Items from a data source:
____

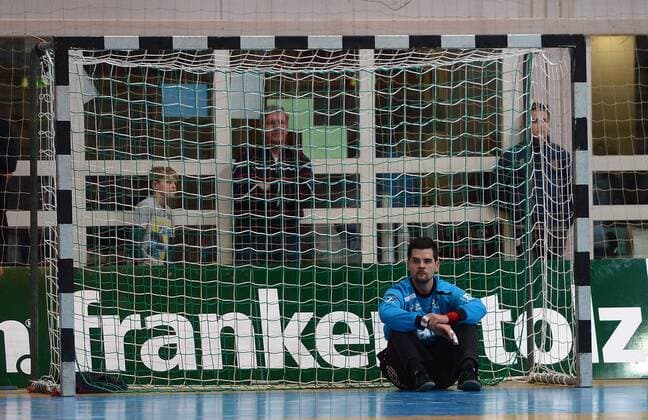 18.12.2013, xjhx, Handball 2.Bundesliga, TV Grosswallstadt - DJK Rimpar Wölfe, v.l. Milos Putera (TV Grosswallstadt) enttäuscht, enttäuscht schauend, dissapointed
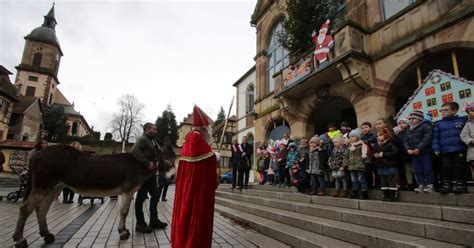 Tradition Un Premier Cort Ge Pour Saint Nicolas Au March De No L De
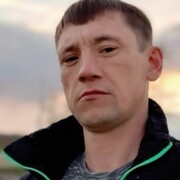 Иван, 39, Кировск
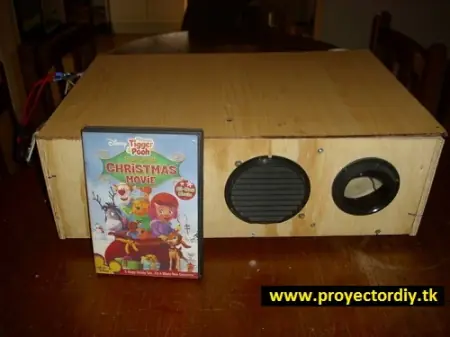 Proyector 100% artesanal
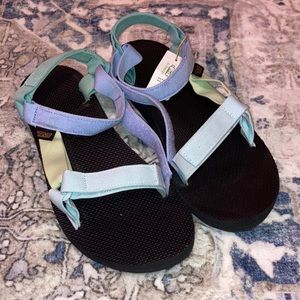 Women’s Tevas size 11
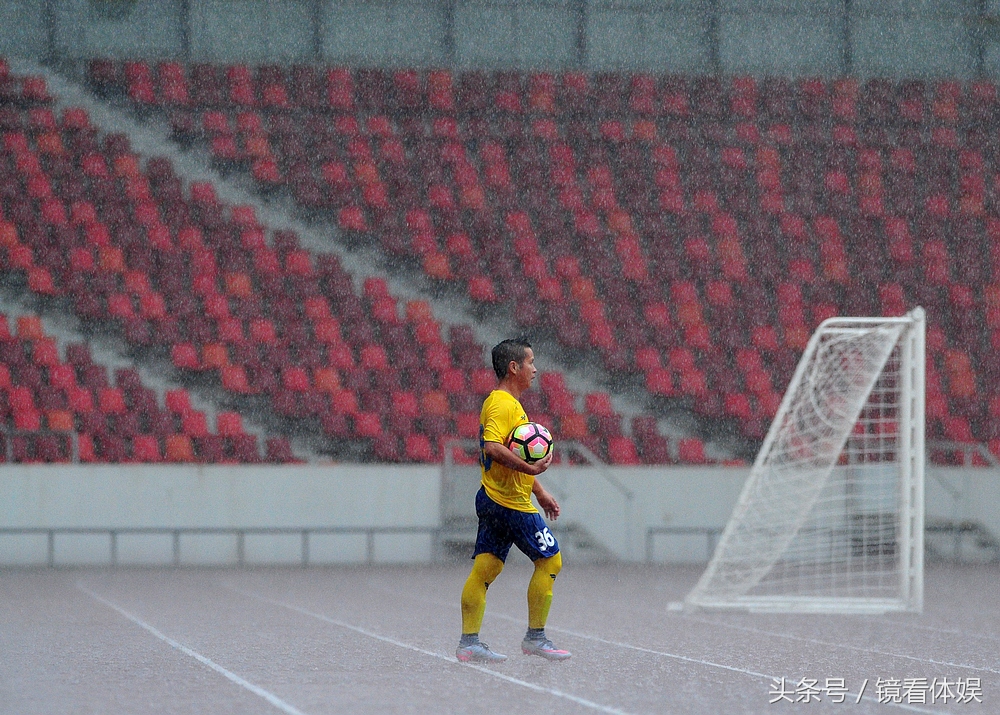 下雨天户外做什么运动,下雨天男生的暖心动作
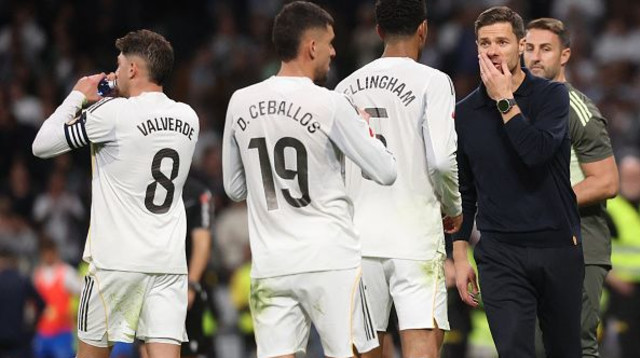 שחקני ריאל מדריד וצ'אבי אלונסו (צילום: OSCAR DEL POZO)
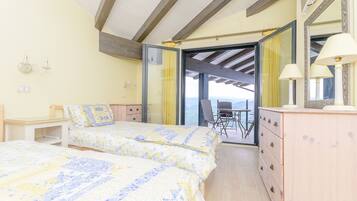3 bedrooms, in-room safe, iron/ironing board, travel crib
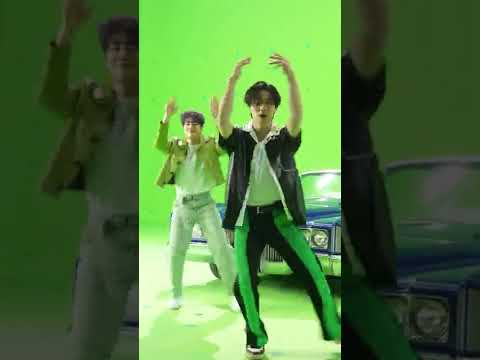 🎥뮤비 촬영장에서🎥 라키 X MJ POP!! #아스트로 #ASTRO #CandyPop_Challenge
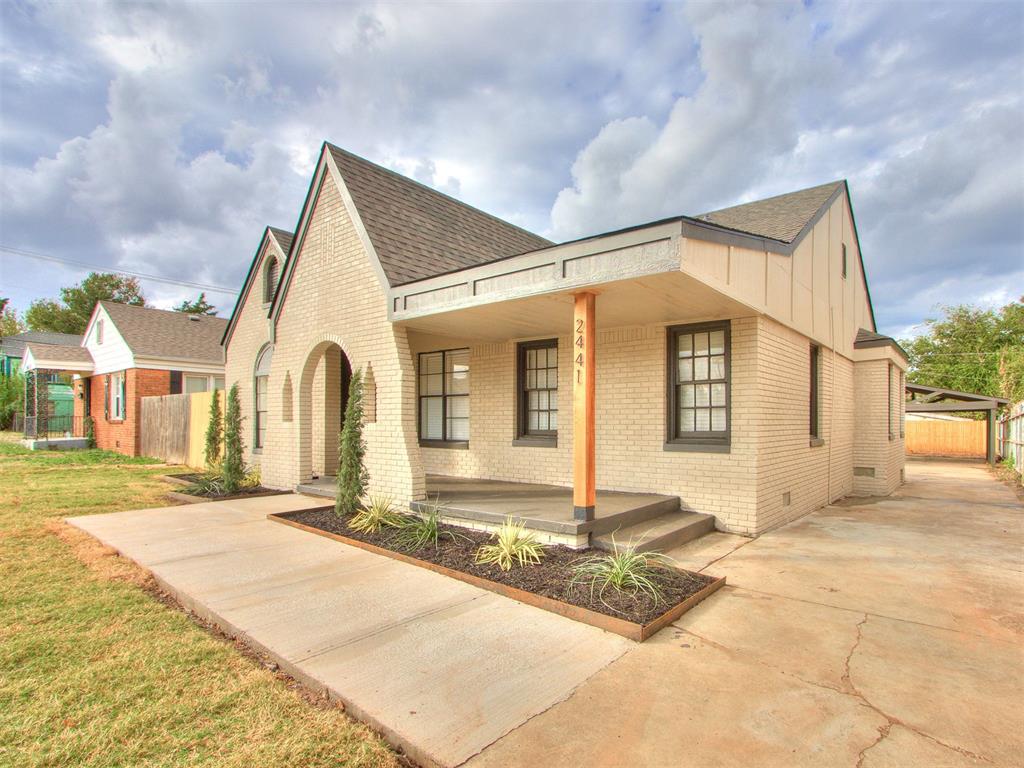 1253015 Property Photo 3
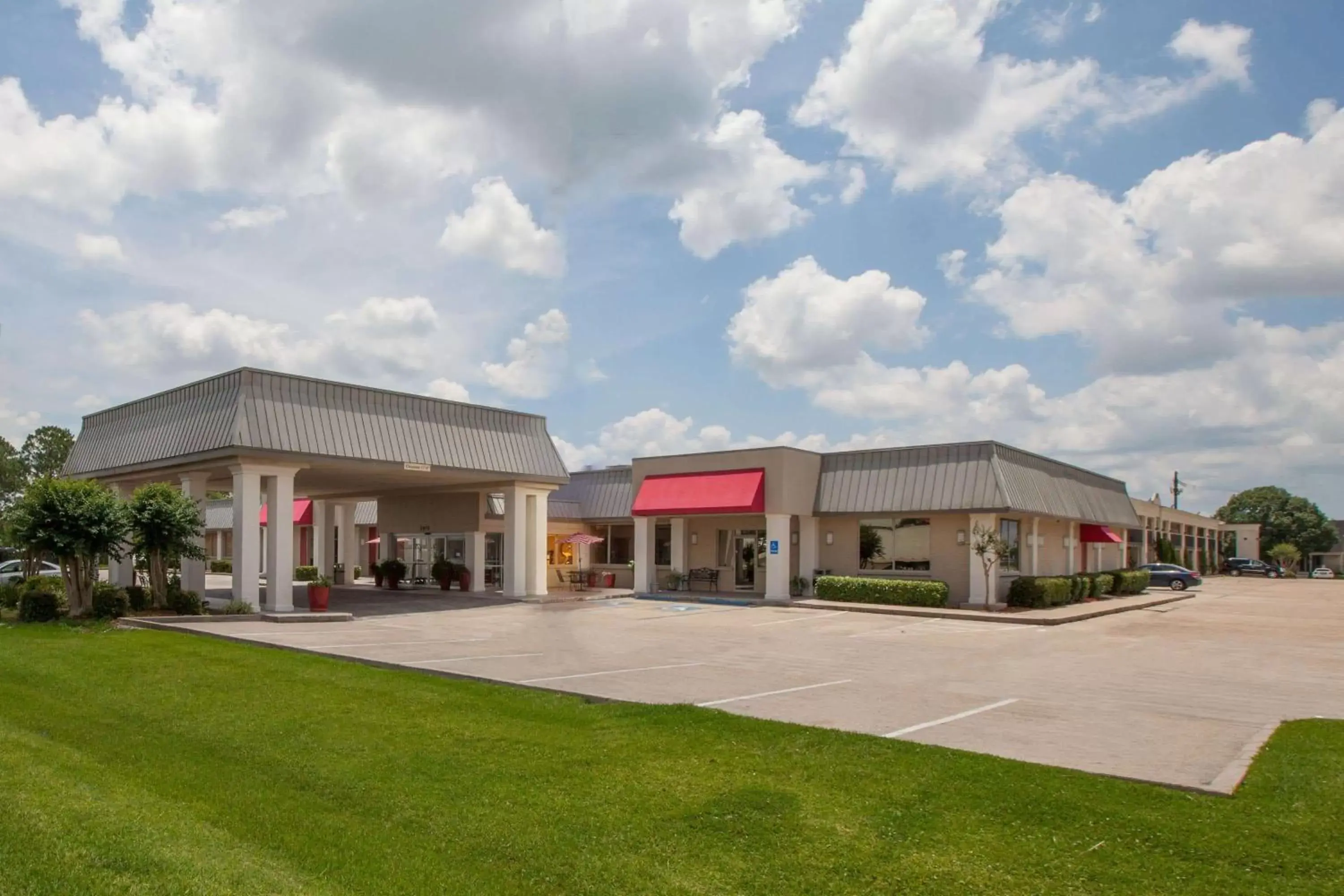 Property building in Ramada by Wyndham New Iberia Property building in Ramada by Wyndham New Iberia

____

• [AIM OF THE TASK] Output the records above exactly as they are, leaving out the pictures.

• [COMPLETED EXERCISE]
 18.12.2013, xjhx, Handball 2.Bundesliga, TV Grosswallstadt - DJK Rimpar Wölfe, v.l. Milos Putera (TV Grosswallstadt) enttäuscht, enttäuscht schauend, dissapointed
 Tradition Un Premier Cort Ge Pour Saint Nicolas Au March De No L De
 Иван, 39, Кировск
 Proyector 100% artesanal
 Women’s Tevas size 11
 下雨天户外做什么运动,下雨天男生的暖心动作
 שחקני ריאל מדריד וצ'אבי אלונסו (צילום: OSCAR DEL POZO)
3 bedrooms, in-room safe, iron/ironing board, travel crib
 🎥뮤비 촬영장에서🎥 라키 X MJ POP!! #아스트로 #ASTRO #CandyPop_Challenge
 1253015 Property Photo 3
 Property building in Ramada by Wyndham New Iberia Property building in Ramada by Wyndham New Iberia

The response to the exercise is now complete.